[Records from a dataset]
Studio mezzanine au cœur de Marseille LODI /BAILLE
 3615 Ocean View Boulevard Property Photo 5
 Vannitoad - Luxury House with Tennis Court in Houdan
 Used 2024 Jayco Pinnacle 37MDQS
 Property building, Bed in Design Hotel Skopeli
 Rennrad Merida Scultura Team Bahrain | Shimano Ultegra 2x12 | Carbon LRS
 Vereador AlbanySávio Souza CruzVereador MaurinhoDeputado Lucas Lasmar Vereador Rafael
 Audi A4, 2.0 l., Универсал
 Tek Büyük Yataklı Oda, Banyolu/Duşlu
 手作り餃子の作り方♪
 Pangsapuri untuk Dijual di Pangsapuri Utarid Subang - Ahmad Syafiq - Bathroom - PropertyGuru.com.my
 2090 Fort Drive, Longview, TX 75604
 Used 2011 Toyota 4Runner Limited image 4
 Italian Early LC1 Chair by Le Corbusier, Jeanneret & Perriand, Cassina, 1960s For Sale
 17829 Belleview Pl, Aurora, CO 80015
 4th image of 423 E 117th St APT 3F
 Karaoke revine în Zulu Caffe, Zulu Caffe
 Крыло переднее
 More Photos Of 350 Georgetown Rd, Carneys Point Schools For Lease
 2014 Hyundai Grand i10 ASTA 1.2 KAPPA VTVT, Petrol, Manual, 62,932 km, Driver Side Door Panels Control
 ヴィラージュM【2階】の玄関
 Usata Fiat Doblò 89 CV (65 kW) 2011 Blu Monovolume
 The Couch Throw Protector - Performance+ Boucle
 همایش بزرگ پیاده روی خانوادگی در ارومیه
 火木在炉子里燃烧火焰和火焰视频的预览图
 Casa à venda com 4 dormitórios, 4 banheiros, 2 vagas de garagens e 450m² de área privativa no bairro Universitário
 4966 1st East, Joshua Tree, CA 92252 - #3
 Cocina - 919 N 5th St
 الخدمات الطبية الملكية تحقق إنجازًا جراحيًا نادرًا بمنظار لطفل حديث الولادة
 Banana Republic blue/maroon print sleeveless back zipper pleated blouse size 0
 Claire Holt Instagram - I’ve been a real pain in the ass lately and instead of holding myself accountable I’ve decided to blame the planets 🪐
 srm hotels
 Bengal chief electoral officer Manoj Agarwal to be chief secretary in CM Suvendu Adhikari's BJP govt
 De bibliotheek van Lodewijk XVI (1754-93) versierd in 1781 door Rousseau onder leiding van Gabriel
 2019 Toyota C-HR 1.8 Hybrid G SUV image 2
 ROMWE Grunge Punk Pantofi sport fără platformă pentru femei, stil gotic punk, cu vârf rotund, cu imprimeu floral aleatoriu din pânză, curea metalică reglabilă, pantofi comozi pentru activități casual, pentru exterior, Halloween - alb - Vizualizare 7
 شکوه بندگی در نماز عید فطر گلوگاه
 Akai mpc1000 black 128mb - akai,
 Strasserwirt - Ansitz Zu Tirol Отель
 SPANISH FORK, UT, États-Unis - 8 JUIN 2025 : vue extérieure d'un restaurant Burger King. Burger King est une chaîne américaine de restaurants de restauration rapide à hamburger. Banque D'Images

WHAT THE EXERCISE ASKS
Write the opening line of the data above and every line after it, exactly, stopping once you have written the line with "Pangsapuri untuk Dijual".

SOLUTION FOR THIS PROBLEM
Studio mezzanine au cœur de Marseille LODI /BAILLE
 3615 Ocean View Boulevard Property Photo 5
 Vannitoad - Luxury House with Tennis Court in Houdan
 Used 2024 Jayco Pinnacle 37MDQS
 Property building, Bed in Design Hotel Skopeli
 Rennrad Merida Scultura Team Bahrain | Shimano Ultegra 2x12 | Carbon LRS
 Vereador AlbanySávio Souza CruzVereador MaurinhoDeputado Lucas Lasmar Vereador Rafael
 Audi A4, 2.0 l., Универсал
 Tek Büyük Yataklı Oda, Banyolu/Duşlu
 手作り餃子の作り方♪
 Pangsapuri untuk Dijual di Pangsapuri Utarid Subang - Ahmad Syafiq - Bathroom - PropertyGuru.com.my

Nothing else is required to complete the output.